Brielle
The name Stoneclaw lands like an axe blow in the clearing. A wave of raw panic ripples through the pack. Whispers turn to frantic murmurs, shouts of disbelief.
“Stoneclaw? They’re butchers.”
“They follow the old laws. No mercy.”
“Marcus sold us out.”
Theron’s face is pale, his authority crumbling with every passing second. He tries to shout over the noise, but his voice is swallowed by the rising tide of fear.
Then, a scent cuts through the chaos.
It’s not from our pack. It’s wild and clean, sharp as a shard of ice. Pine needles crushed underfoot, the biting cold of the first winter frost, and something else. Something ancient and powerful.
The scent is an order.
The pack falls silent. One by one, the panicked shouts die in their throats. Every head turns toward the northern path.

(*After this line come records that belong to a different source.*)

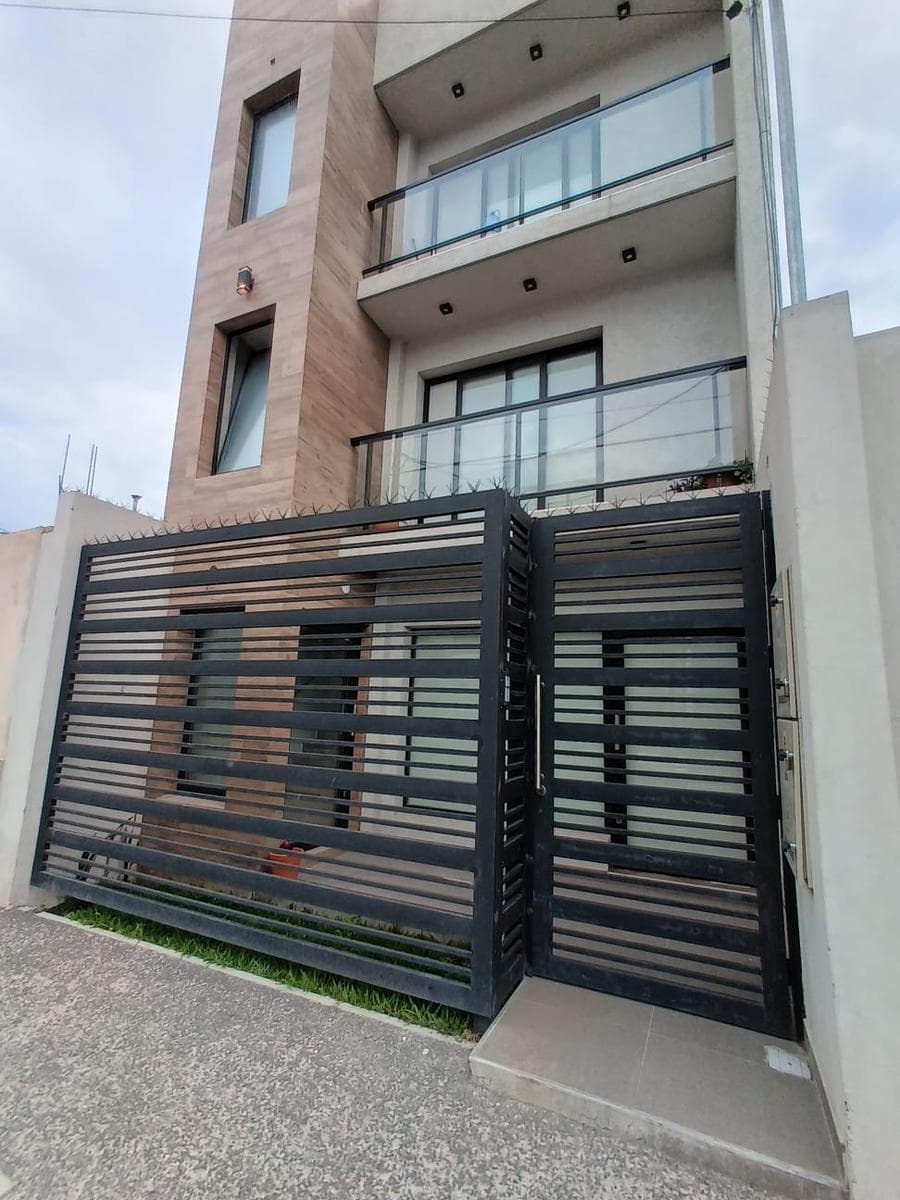 LOCAL COMERCIAL A ESTRENAR, ZABALA al 700 - 1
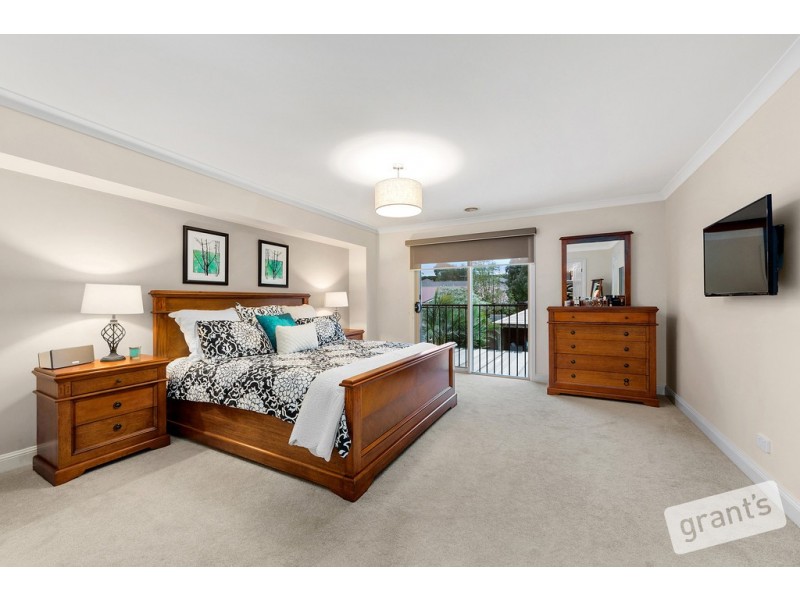 36 Riviera Drive, Berwick VIC 3806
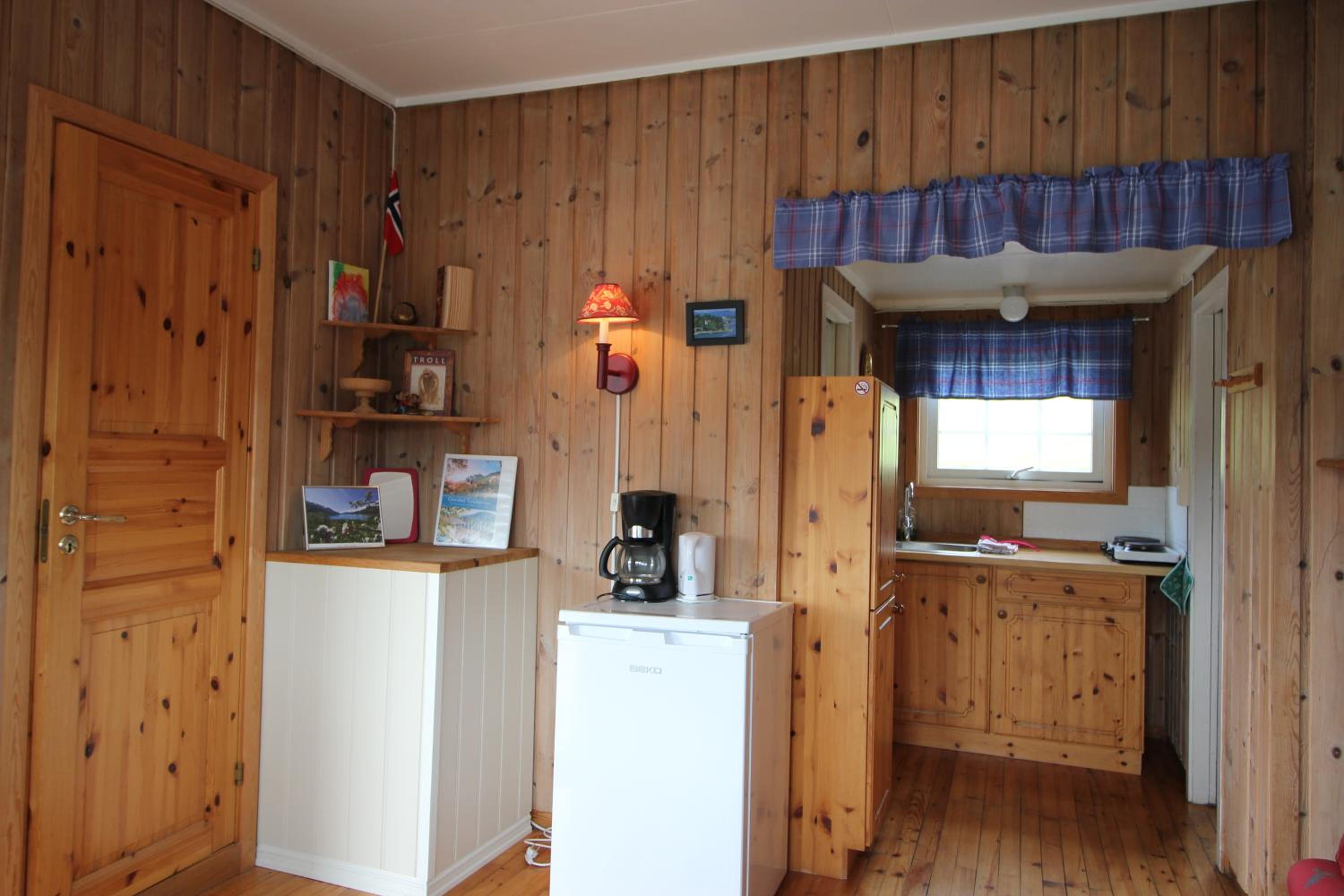 Two-Bedroom Cottage - Photo 7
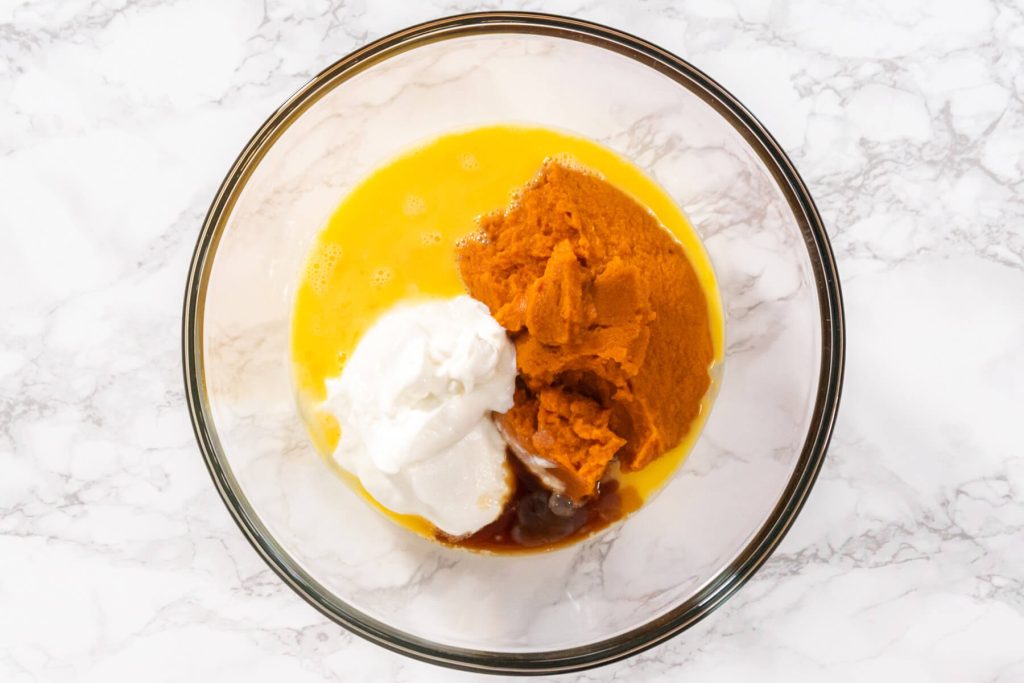 Kürbis-Gugelhupf mit Schokolade und Pekannüssen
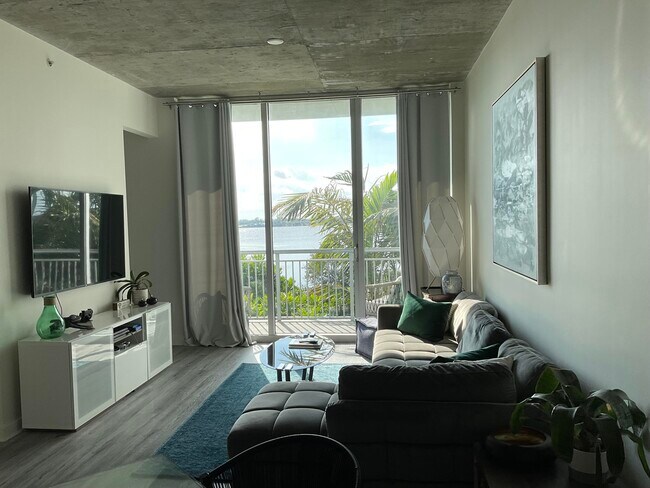 Foto del edificio - 300 S Australian Ave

He stands at the edge of the clearing, as if he materialized from the shadows of the forest. The word ‘large’ is not enough. He is a mountain given the shape of a man. Broad shoulders strain the dark leather of his tunic, and his height makes him tower over even our tallest warriors. His hair is the black of a starless night, pulled back from a face that looks carved from granite.
He is not just an Alpha. He is *the* Alpha. The concept made real.
He walks forward, his heavy boots making no sound on the packed earth. Two other wolves, clearly his Betas, follow a step behind him, their eyes scanning the crowd with cold assessment. But my attention is fixed on him. His presence radiates a raw power that presses down on us, demanding submission. It stills the air, thickens it until I can barely draw a breath.
This is Alpha Grant of Stoneclaw.
He stops at the base of the Alpha’s rock, his gaze sweeping over his new pack. His eyes are the color of a winter sky, a pale, piercing grey that seems to see everything. He looks at our warriors and I see the faintest flicker of disappointment in his expression. He looks at the she-wolves and his face is an unreadable mask of stone.
I try to shrink back, to melt into the bodies around me. I am at the edge of the crowd, my usual place, my cloak pulled tight. I am nothing. A ghost. He will not see me. He cannot see me.
His gaze continues its slow, methodical sweep. It passes over me. For a single, blessed second, it passes right over me. I almost sag with relief.
Then it snaps back.
His eyes lock onto mine across the clearing.
The world doesn’t just stop. It shatters.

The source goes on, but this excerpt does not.